▶ [PROBLEM DESCRIPTION]:
Retype exactly what appears below from the line containing "Scientists use the" down to the line containing "Thanks very much", keeping both end lines. Do not include pictures.

▶ [INPUT DATA]:
• • • • •

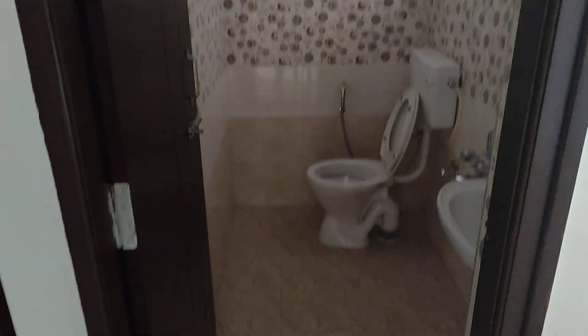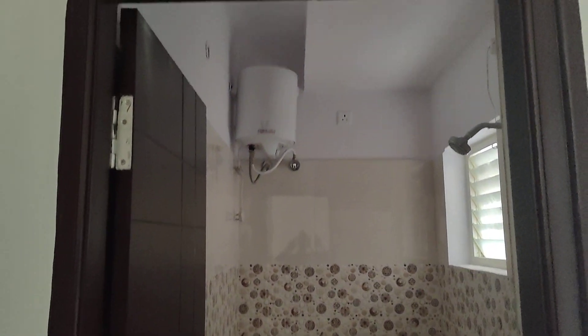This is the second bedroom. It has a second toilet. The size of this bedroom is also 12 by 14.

• • • • •

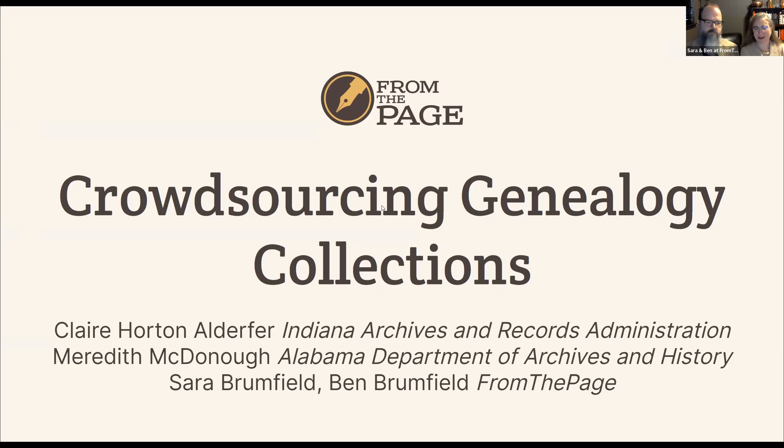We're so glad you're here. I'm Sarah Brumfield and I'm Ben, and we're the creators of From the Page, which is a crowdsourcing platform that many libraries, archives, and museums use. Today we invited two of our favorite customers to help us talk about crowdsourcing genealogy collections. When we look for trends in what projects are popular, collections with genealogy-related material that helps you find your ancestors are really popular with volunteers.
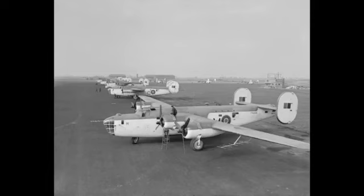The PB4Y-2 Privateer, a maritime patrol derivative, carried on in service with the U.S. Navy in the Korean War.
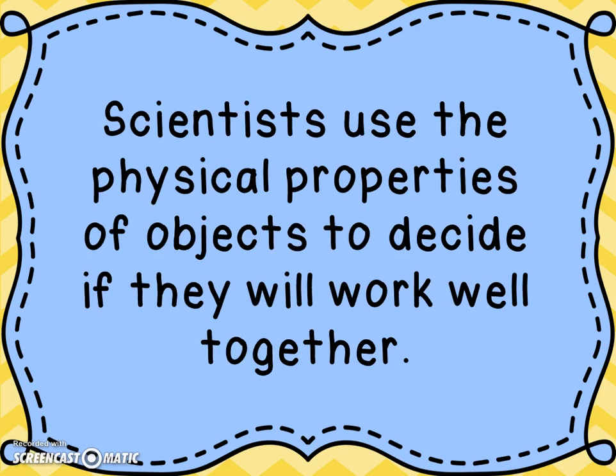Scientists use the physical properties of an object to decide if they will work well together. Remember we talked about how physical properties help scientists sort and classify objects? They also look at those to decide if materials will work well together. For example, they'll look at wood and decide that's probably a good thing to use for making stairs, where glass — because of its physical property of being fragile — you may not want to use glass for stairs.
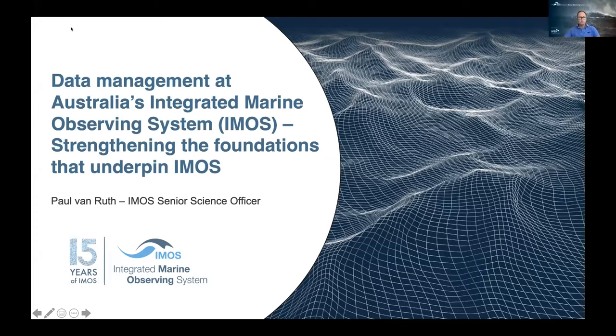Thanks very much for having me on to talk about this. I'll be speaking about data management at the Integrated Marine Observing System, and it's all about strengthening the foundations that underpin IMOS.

• • • • •

▶ [ANSWER SECTION]:
Scientists use the physical properties of an object to decide if they will work well together. Remember we talked about how physical properties help scientists sort and classify objects? They also look at those to decide if materials will work well together. For example, they'll look at wood and decide that's probably a good thing to use for making stairs, where glass — because of its physical property of being fragile — you may not want to use glass for stairs.
Thanks very much for having me on to talk about this. I'll be speaking about data management at the Integrated Marine Observing System, and it's all about strengthening the foundations that underpin IMOS.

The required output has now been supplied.